However, although it creates the appearance of a more global increase in working memory, rather than narrow gains only due to “chunking” in oft-practiced domains, this technique should not actually overcome the normal information-processing constraints of the brain. Encoding arbitrary information as strings of numbers will be more or less efficient based on the encoding we come up with. For events in everyday life, my expectation is that our existing encoding would be about as efficient as possible, so there would be no gains to memory by the act of encoding these events to numbers, even for a memory athlete.

Although, the act of performing such an encoding might signal to the brain that the information is important to recall. So, some gains might be observed anyway.

• I’m not sure what the takeaway is here, but these calculations are highly suspect. What a memory athlete can memorize (in their domain of expertise) in 5 minutes is an intricate mix of working memory and long-term semantic memory, and episodic (hippocampal) memory.

This is a very deep topic. Reading comprehension researchers have estimated the size of working memory as “unlimited”, but that’s obviously specific to their methods of measurement.

Modern debates on working memory capacity are 1-4 items. 7 was specific to what is now known as the phonological loop, which is subvocally reciting numbers. The strong learned connections between auditory cortex and verbal motor areas gives this a slight advantage over working memory for material that hasn’t been specifically practiced a lot.

See the concept of exformation, incidentally from one of the best books I’ve found on consciousness.

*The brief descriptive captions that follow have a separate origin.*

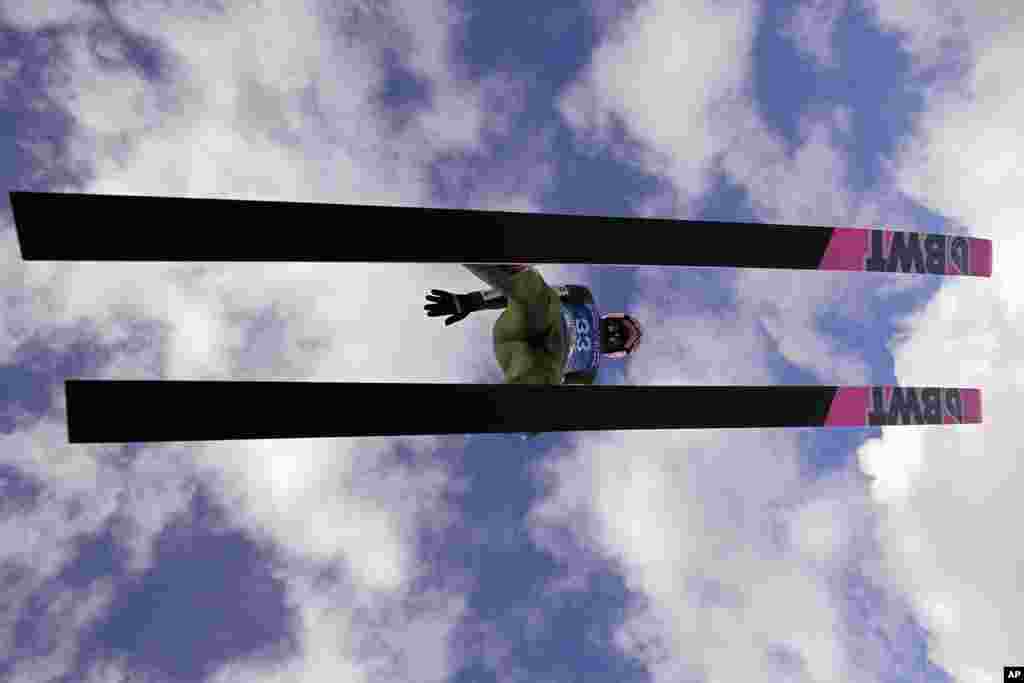 Dawid Kubacki of Poland soars through the air during training at the third stage of the 73rd Four Hills ski jumping tournament in Innsbruck, Austria.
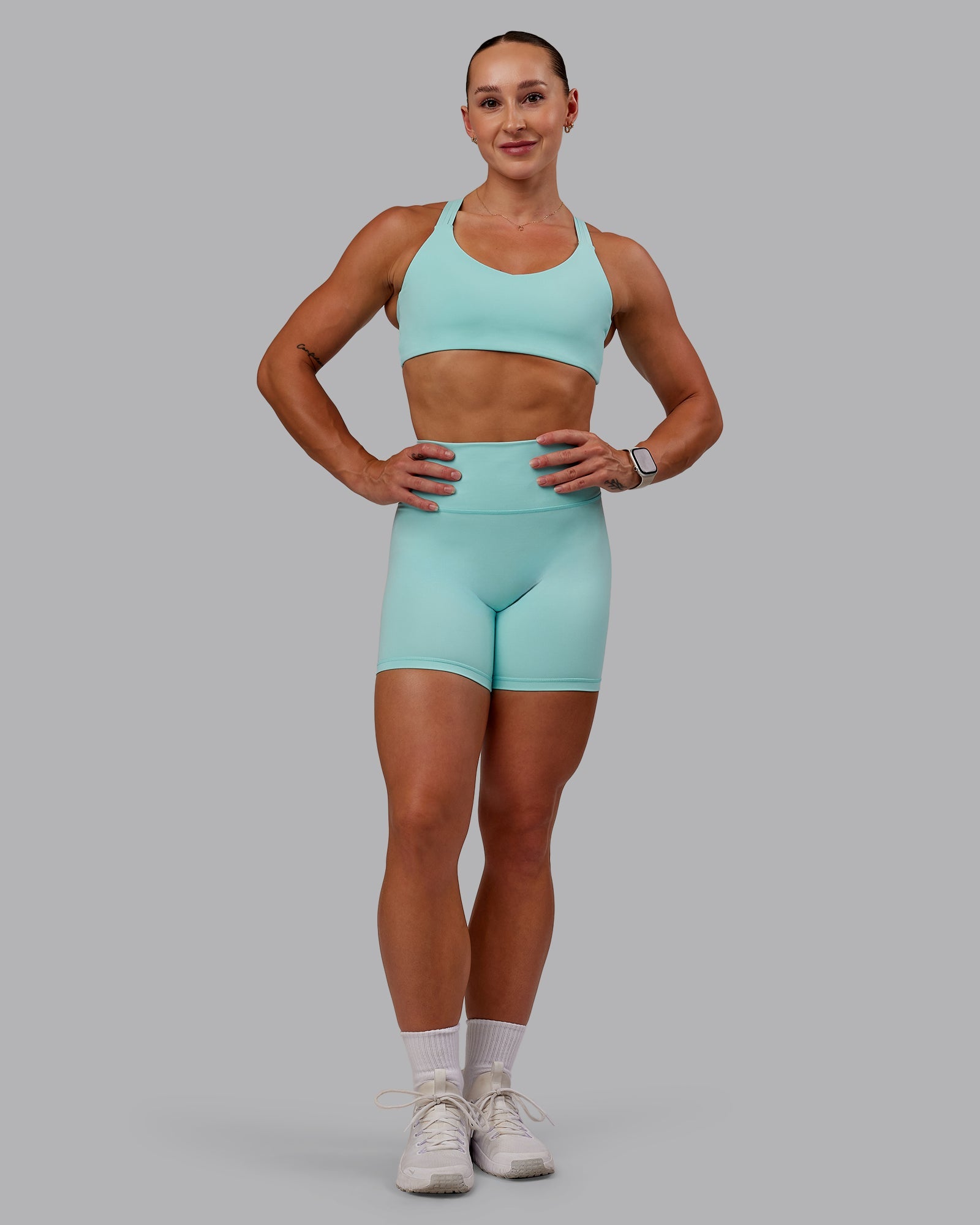 Woman wearing Fusion Ultra High-Rise 6" Short - Island Paradise | Model:Amber | Size:S
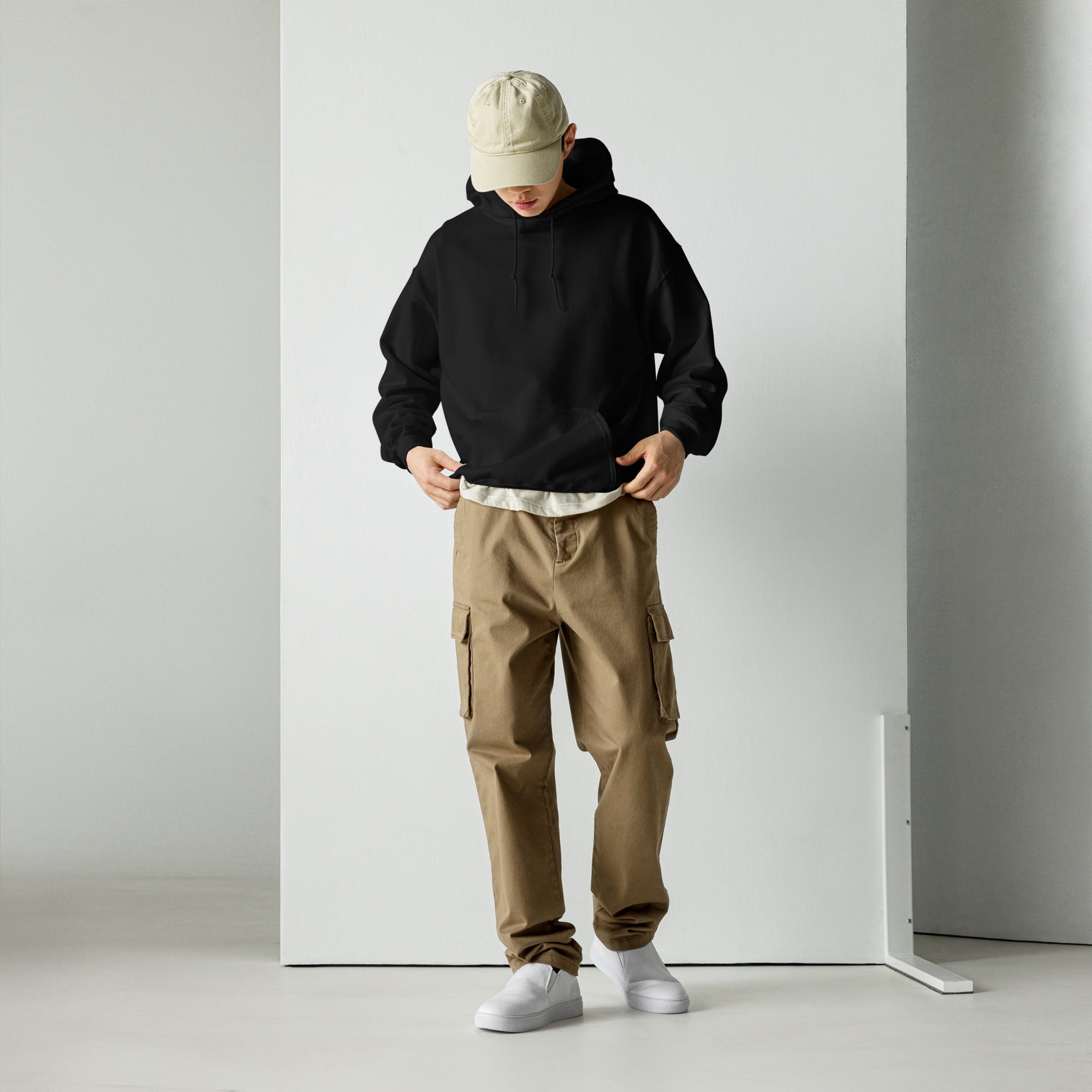 Person wearing a black hoodie, beige cap, brown cargo pants, and white shoes against a plain background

Bits of information encoded by a signal to a sophisticated system is intricately intermixed with that system’s prior learning. It’s a type of compression. Not making a call at a specific time can encode a specific signal of unlimited length, if sender and receiver agree to that meaning.

Sorry for the lack of citations. I’ve had my head pretty deeply into this stuff in the past, but I never saw the importance of getting a precise working memory capacity estimate. The brain mechanisms are somewhat more interesting to me, but for different reasons than estimating capacity (they’re linked to goals and reward system operation, since working memory for goals and strategy is probably how we direct behavior in the short term).

• I’m not sure what the takeaway is here, but these calculations are highly suspect. What a memory athlete can memorize (in their domain of expertise) in 5 minutes is an intricate mix of working memory and long-term semantic memory, and episodic (hippocampal) memory.

I’m kind of fine with an operationalized version of “working memory” as opposed to a neuroanatomical concept. For practical purposes, it seems more useful to define “working memory” in terms of performance.

(That being said, the model which comes from using such a simplified concept is bad, which I agree is concerning.)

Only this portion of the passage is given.